『熱風』2月号に特別企画として、野坂昭如さんの追悼文が掲載されています。
野坂さんは『火垂るの墓』の原作者として知られ、同作をアニメーション映画化した高畑勲監督と、鈴木敏夫プロデューサー、評論家の坪内祐三さんが追悼文を寄せています。
思い出すこと――高畑勲
「アニメ恐るべし」の真意
野坂昭如さんの『火垂るの墓』と『戦争童話集』は、戦争に巻き込まれた弱者の悲劇を描ききった不朽の名作です。私たちは『火垂るの墓』をアニメ映画化できてほんとうによかったと、野坂さんに心から感謝しています。

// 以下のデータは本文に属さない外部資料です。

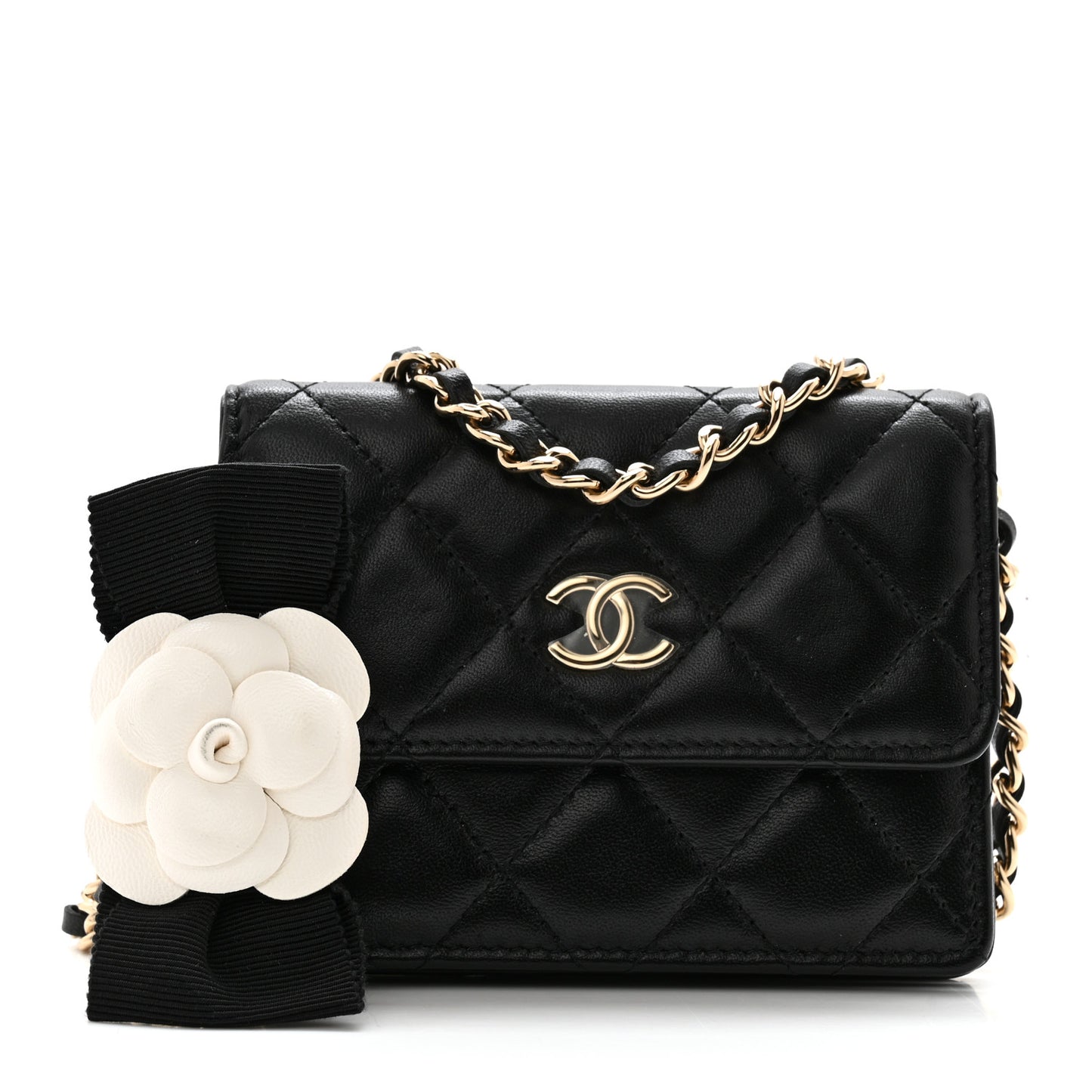 Lambskin Quilted My Chanel Lady Card Holder On Chain Black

野坂さんは私たちの『火垂るの墓』について、「アニメ恐るべし」と題する一文を書いてくれました(「小説新潮」)。その言葉にはインパクトがあり、公開時の宣伝にも使われたと思います。しかしじつはあれは、出来上がったアニメ作品をご覧になってからではなく、制作に入る前に書かれたものだったのです。
野坂昭如さんとあの時代――鈴木敏夫
自己憐憫と私小説
映画製作中のエピソードでいうと、神戸のロケハンに野坂さんが付き合ってくれて、その後、スタジオにも遊びに来てくれたのが印象に残っています。ロケハンをもとにした美術設定が何枚かできていたんですが、野坂さんはその絵をじっと見つめて唸っていました。そのときの思いを「アニメ恐るべし」というタイトルで、エッセイに書いています。(中略)
でも、野坂さんはできあがった映画をついに見ようとしませんでした。小説の舞台は、野坂さんにとって、「いまでも近づくのが怖い場所」だったのです。それを再現した映像を見るのは、耐えられないことだったんでしょう。野坂さんが映画をご覧になったのは、たしか10年ぐらい経ってからだったと聞いています。